Concerns and criticisms

Despite these generally reassuring data from randomized trials there remains widespread concern regarding statin myopathy. Much of the concern arises from uncontrolled observational studies where the incidence of statin associated myalgias is reportedly higher than that reported in randomized trials. In a cross sectional observational study of 3580 adults in the US national health and nutrition examination survey, the prevalence of any musculoskeletal pain in the previous 30 days in statin users and non-users was 22.0% and 16.7%, respectively (odds ratio 1.50, 18.0 to 26.7%; P=0.01). 17 Among 7924 consecutive patients taking a statin in France, the Prediction of Muscular Risk in Observational conditions (PRIMO) study reported that 10.5% of patients reported musculoskeletal pain.18 Randomized trials have also reported a similarly high incidence of muscle symptoms, but with no difference seen between the statin and placebo treated groups. Over a median five years of follow-up in the Heart Protection Study (HPS),19 20 33% of patients allocated to simvastatin and placebo reported muscle pains at some point during the study, and no difference was seen between the groups.
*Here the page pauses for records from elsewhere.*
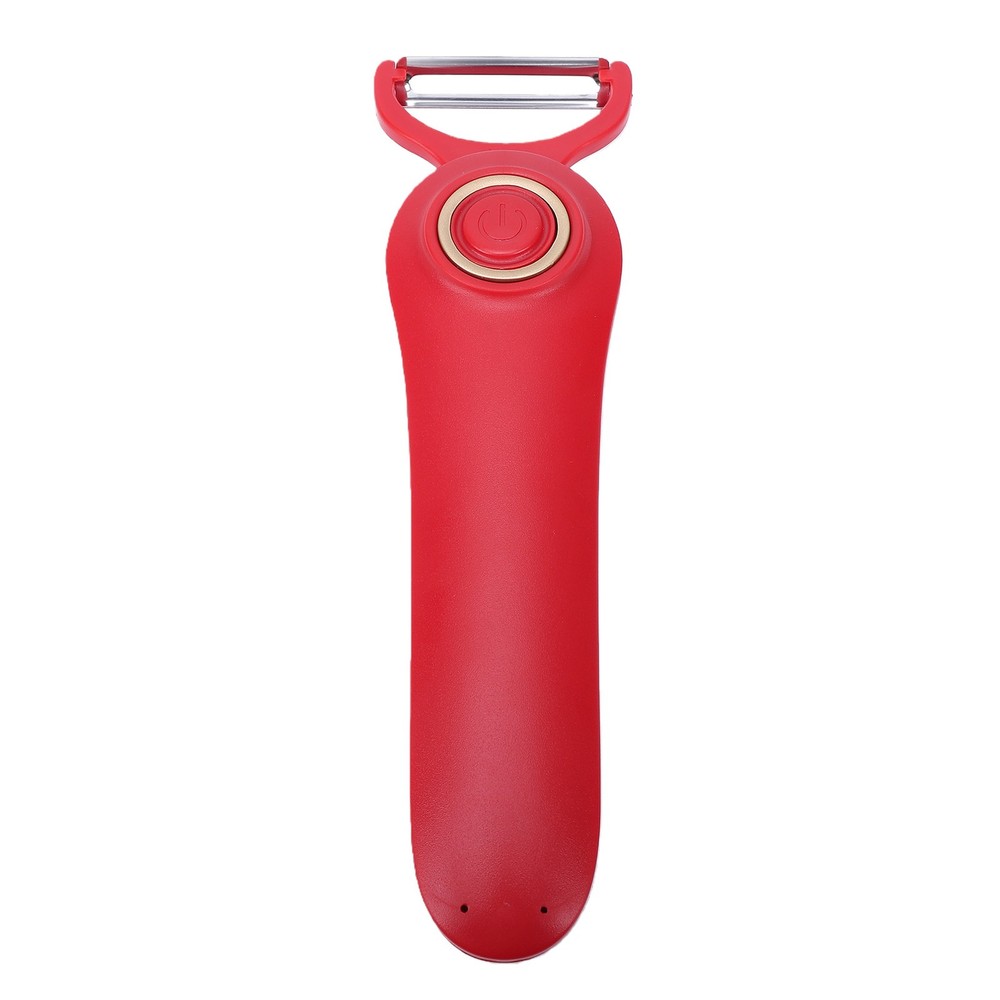 Efficient Electric Peeler For Potato And More Use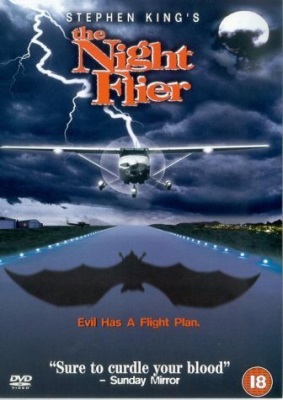 The Night Flier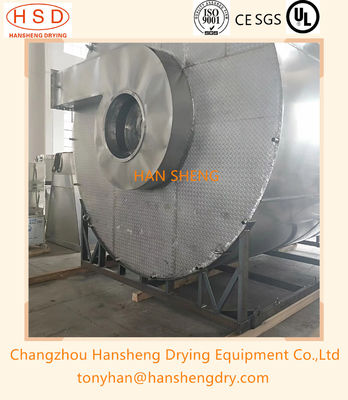 150kgh Milk Powder Atomizer Centrifugal Spray Dryer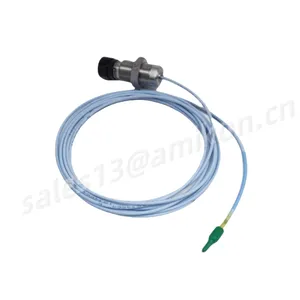Bently Nevada 330851-02-000-060-50-00-00 3300 XL 25 mm Proximity Probe thumbnail-1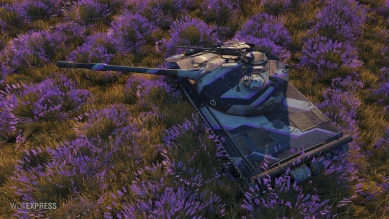 Вышел 14 польский спец. набор Зулу Twitch Prime World of Tanks за март 2020 Вышел 14 польский спец. набор Зулу Twitch Prime World of Tanks за март 2020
Common criticisms of statin trials are that intolerant patients and patients with chronic kidney disease are excluded.21 Although some studies such as the HPS and the Treat to New Targets (TNT)22 study of atorvastatin did have a run-in period, several others did not, including the Scandinavian Simvastatin Survival Study,23 Air Force/Texas Coronary Atherosclerosis Prevention Study,24 and the West of Scotland Coronary Prevention Group.25 Overall, the largest statin trials did not have a run-in phase, whereas most of the moderate to large trials did.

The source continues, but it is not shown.